Trademark Appeal Case
地名商標の識別力
本データベースは、特許庁の審決例をAIで解析・要約したものです。拒絶理由通知に対する意見書作成や、審判請求書等の作成時の参考としてお役立てください。
基本情報
| 審判番号 | 平成10年審判第4466号 |
|---|---|
| 審判種別 | 不服 |
| 結論 | 敗訴(請求棄却) |
理由テキスト
1 本願商標
本願商標は、「SEYCHELLES」の欧文字を横書きしてなり、第29類「冷凍えび,その他の食用魚介類(生きているものを除く。),加工水産品」を指定商品として、平成8年2月29日に登録出願されたものである。
2 原査定の理由
原査定は、「本願商標は、インド洋西部のセーシェル諸島からなる『セーシェル共和国』の英語の省略表示である『Seychelles』を認識させる『SEYCHELLES』の文字よりなるものであるから、これを本願指定商品に使用しても商品の産地を表示するにすぎない。したがって、本願商標は商標法第3条第1項第3号に該当する。」旨認定、判断して、本願を拒絶したものである。
3 当審の判断
インド洋西部、マダガスカル島北東方に位置するセーシェル諸島からなるセーシェル共和国は、セーシェル(Seychelles)と呼ばれ、地球最後の楽園として知られるとともに、1985年の「筑波科学博覧会」には世界最大の種子ココデメールとゾウガメのはく製を、1990年の「大阪国際花と緑の博覧会」には世界中で同国にしかない双子ヤシを出展する等、我が国との交流も行われている国であることが認められる(コンサイス地名事典外国編513頁株式会社三省堂発行、日経産業新聞1985年3月19日17頁、日本経済新聞1990年2月26日38頁等)。

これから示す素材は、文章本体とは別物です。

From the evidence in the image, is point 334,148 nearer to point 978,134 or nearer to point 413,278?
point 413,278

また、同国のエビ養殖プロジェクトに我が国の銀行が資金の供与をしたり、同国の近海でイカ魚の操業をしょうとする動きも出ているとの新聞記事もみられる(日本経済新聞1990年7月27日7頁、同1990年6月9日24頁)ことより、同国において、食用魚介類や加工水産物等の産業が存在することが容易に理解できる。
そうとすれば、「SEYCHELLES」の文字よりなる本願商標は、これをその指定商品に使用した場合、これに接する取引者、需要者に対し、上記実情から、該商品が「セーシェル(Seychelles)産の商品」であること、すなわち商品の品質、産地を表示するものと理解させるに止まり、自他商品の識別標識としての機能を果たし得ないものと判断するのが相当である。
したがって、本願商標は、商標法第3条第1項第3号に該当するものであり、登録することができない。
よって、結論のとおり審決する。